[THE DATA]
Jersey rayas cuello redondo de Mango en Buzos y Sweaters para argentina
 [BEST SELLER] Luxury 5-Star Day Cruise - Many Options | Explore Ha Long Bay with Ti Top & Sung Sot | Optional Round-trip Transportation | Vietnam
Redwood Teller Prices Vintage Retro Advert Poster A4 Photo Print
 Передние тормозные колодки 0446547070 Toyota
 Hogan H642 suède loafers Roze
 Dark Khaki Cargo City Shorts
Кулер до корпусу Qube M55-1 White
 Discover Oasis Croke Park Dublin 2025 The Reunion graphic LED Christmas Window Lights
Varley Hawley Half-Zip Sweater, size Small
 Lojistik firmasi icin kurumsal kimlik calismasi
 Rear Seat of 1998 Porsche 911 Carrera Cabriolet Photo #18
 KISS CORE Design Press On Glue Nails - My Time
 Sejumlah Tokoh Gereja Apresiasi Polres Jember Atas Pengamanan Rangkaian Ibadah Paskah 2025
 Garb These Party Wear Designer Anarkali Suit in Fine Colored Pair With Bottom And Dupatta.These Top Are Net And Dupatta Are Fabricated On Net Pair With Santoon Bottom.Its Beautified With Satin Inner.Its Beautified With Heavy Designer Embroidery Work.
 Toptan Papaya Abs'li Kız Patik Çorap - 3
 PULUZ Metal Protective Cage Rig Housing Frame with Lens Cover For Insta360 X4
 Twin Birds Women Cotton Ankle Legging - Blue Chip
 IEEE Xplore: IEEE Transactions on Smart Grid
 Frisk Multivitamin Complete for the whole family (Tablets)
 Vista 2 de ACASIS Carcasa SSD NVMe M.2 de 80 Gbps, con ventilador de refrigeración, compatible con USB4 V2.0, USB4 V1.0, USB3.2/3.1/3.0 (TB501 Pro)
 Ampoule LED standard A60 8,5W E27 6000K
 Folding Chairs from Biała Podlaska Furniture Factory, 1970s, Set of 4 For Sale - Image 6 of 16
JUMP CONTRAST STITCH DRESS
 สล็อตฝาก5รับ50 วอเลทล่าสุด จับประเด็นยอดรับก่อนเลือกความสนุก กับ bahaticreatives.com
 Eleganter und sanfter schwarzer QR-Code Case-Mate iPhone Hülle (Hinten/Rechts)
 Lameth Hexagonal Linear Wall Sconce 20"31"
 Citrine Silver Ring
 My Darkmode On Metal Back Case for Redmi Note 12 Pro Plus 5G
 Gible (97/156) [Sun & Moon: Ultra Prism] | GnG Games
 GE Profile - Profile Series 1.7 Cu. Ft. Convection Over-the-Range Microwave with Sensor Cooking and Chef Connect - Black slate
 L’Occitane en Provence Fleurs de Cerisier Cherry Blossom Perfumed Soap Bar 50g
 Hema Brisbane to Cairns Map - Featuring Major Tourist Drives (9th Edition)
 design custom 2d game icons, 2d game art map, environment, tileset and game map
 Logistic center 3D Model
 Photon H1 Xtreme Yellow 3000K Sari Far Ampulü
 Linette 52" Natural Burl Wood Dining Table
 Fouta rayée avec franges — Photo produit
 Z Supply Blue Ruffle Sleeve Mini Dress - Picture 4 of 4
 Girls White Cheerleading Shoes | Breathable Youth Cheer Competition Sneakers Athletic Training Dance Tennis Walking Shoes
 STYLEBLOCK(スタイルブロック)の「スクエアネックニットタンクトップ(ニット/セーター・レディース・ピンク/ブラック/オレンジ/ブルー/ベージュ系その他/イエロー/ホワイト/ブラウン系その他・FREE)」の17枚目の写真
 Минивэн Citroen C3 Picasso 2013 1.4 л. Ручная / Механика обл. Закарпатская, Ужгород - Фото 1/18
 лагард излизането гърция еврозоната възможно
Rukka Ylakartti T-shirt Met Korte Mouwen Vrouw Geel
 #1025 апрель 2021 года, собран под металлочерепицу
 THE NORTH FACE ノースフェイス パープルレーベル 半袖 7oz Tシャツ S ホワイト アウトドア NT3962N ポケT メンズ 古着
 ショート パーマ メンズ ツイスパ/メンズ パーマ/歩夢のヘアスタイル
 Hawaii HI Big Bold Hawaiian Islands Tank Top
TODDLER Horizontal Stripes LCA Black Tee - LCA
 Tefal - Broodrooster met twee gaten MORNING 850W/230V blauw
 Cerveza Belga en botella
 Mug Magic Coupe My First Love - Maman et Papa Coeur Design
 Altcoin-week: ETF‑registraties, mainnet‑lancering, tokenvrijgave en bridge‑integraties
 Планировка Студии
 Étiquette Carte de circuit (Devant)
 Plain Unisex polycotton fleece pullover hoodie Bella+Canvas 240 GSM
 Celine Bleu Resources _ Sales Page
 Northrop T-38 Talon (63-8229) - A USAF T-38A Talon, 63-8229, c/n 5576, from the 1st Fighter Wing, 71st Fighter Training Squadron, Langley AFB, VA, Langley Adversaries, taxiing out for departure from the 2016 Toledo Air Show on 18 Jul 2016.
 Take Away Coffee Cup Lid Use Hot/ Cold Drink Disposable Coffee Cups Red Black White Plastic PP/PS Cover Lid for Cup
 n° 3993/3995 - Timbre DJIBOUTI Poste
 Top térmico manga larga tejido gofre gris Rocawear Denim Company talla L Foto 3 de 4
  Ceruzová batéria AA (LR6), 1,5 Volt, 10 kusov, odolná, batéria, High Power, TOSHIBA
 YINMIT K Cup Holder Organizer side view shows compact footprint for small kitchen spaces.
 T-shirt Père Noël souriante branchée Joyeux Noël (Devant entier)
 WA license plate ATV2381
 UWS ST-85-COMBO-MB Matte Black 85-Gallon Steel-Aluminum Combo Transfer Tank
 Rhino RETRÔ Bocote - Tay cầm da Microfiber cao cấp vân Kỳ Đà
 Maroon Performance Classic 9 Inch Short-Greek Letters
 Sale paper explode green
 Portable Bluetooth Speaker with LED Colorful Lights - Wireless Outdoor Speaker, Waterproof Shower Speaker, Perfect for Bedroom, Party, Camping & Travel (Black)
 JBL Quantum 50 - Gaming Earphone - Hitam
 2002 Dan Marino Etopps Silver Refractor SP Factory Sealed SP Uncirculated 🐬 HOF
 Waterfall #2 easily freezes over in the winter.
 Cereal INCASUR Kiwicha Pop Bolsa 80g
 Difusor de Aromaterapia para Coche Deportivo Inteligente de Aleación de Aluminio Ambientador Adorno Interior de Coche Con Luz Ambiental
[/THE DATA]
### WHAT IS BEING ASKED
Within the listing above, locate the line containing "Vista 2 de ACASIS" and the line containing "JUMP CONTRAST STITCH DRESS". Reproduce those two lines and all lines between them exactly, with nothing added.

### ANSWER BELOW
 Vista 2 de ACASIS Carcasa SSD NVMe M.2 de 80 Gbps, con ventilador de refrigeración, compatible con USB4 V2.0, USB4 V1.0, USB3.2/3.1/3.0 (TB501 Pro)
 Ampoule LED standard A60 8,5W E27 6000K
 Folding Chairs from Biała Podlaska Furniture Factory, 1970s, Set of 4 For Sale - Image 6 of 16
JUMP CONTRAST STITCH DRESS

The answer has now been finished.